Le cadre réglementaire

Réglementation communautaire

3 L'article 2, point 1, de la sixième directive soumet à la TVA «les livraisons de biens et les prestations de services, effectuées à titre onéreux à l'intérieur du pays par un assujetti agissant en tant que tel».

4 L'article 4, paragraphes 1 et 2, de la sixième directive prévoit:

«1. Est considéré comme assujetti quiconque accomplit, d'une façon indépendante et quel qu'en soit le lieu, une des activités économiques mentionnées au paragraphe 2, quels que soient les buts ou les résultats de cette activité.

2. Les activités économiques visées au paragraphe 1 sont toutes les activités de producteur, de commerçant ou de prestataire de services, y compris les activités extractives, agricoles et celles des professions libérales ou assimilées. [...]»

5 En vertu de l'article 5, paragraphe 6, de cette même directive:

«Est assimilé à une livraison effectuée à titre onéreux le prélèvement par un assujetti d'un bien de son entreprise pour ses besoins privés ou ceux de son personnel ou qu'il transmet à titre gratuit ou, plus généralement, qu'il affecte à des fins étrangères à son entreprise, lorsque ce bien ou les éléments le composant ont ouvert droit à une déduction complète ou partielle de la taxe sur la valeur ajoutée. [...]»

6 Aux termes de l'article 6, paragraphe 2, premier alinéa, sous a), de la sixième directive, est assimilée à une prestation de services effectuée à titre onéreux:

«l'utilisation d'un bien affecté à l'entreprise pour les besoins privés de l'assujetti ou pour ceux de son personnel ou, plus généralement, à des fins étrangères à son entreprise, lorsque ce bien a ouvert droit à une déduction complète ou partielle de la taxe sur la valeur ajoutée».

7 L'article 11, A, paragraphe 1, sous a), de la sixième directive dispose que la base d'imposition est constituée, «pour les livraisons de biens et les prestations de services autres que celles visées sous b), c) et d), par tout ce qui constitue la contrepartie obtenue ou à obtenir par le fournisseur ou le prestataire pour ces opérations de la part de l'acheteur, du preneur ou d'un tiers».

Réglementation nationale

8 Il ressort de l'ordonnance de renvoi que, en Allemagne, les livraisons de biens effectuées à titre onéreux à l'intérieur du pays par un assujetti dans le cadre de son entreprise sont soumises à la TVA en application de l'article 1er, paragraphe 1, point 1, première phrase, de l'Umsatzsteuergesetz de 1980 (loi relative à la taxe sur le chiffre d'affaires).
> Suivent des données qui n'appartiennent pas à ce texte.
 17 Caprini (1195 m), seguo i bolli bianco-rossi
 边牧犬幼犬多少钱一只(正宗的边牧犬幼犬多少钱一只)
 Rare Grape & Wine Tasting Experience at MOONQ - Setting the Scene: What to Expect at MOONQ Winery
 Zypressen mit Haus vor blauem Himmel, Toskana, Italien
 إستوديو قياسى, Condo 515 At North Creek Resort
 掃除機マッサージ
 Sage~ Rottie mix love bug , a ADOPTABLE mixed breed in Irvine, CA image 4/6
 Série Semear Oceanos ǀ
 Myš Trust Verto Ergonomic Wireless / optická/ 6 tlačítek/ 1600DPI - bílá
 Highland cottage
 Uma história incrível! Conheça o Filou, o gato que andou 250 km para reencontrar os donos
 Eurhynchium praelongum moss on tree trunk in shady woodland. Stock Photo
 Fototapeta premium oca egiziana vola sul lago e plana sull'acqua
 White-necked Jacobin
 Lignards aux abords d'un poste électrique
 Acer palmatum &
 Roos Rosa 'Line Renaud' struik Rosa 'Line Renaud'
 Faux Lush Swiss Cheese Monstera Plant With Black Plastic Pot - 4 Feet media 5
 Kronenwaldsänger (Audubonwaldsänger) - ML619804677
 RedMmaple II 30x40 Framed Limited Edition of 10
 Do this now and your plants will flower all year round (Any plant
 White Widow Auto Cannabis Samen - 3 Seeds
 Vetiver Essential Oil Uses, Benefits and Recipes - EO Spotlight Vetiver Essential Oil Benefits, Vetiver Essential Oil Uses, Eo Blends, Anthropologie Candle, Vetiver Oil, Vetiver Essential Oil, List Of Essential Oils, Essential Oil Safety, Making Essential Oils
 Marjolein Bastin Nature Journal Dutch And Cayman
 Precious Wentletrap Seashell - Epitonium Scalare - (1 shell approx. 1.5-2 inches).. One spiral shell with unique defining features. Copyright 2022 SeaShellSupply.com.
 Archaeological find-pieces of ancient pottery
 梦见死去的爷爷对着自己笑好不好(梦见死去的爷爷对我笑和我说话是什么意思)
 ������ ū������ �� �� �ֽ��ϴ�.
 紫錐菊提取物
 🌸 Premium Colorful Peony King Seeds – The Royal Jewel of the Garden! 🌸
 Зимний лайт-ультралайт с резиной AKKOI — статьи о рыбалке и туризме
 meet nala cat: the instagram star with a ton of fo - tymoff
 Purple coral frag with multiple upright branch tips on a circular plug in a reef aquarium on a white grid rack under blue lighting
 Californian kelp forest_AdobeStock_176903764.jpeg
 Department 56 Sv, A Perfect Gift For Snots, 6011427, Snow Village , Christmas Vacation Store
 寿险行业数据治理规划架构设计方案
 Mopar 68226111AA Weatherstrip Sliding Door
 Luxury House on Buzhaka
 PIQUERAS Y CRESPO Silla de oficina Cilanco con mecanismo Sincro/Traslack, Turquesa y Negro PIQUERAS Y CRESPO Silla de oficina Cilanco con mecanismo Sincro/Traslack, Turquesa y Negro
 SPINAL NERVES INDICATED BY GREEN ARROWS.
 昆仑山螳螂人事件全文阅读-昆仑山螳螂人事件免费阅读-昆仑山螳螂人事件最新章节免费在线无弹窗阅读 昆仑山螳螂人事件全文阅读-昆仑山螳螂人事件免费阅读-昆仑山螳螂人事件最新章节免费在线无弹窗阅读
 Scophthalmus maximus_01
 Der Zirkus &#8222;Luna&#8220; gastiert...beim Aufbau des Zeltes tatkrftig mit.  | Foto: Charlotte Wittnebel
En vertu de l'article 10, paragraphe 1, première phrase, de cette législation, le chiffre d'affaires afférent à des livraisons est calculé sur la base de la contrepartie obtenue.

Le litige au principal et les questions préjudicielles

9 Au cours de l'année 1990, M. Bakcsi était entrepreneur de transport indépendant. À cette fin, il utilisait une voiture de marque Mercedes, modèle 300 D, qu'il avait acquise auprès d'un particulier sans pouvoir déduire la TVA. Le véhicule était utilisé à des fins professionnelles à concurrence de 70 %.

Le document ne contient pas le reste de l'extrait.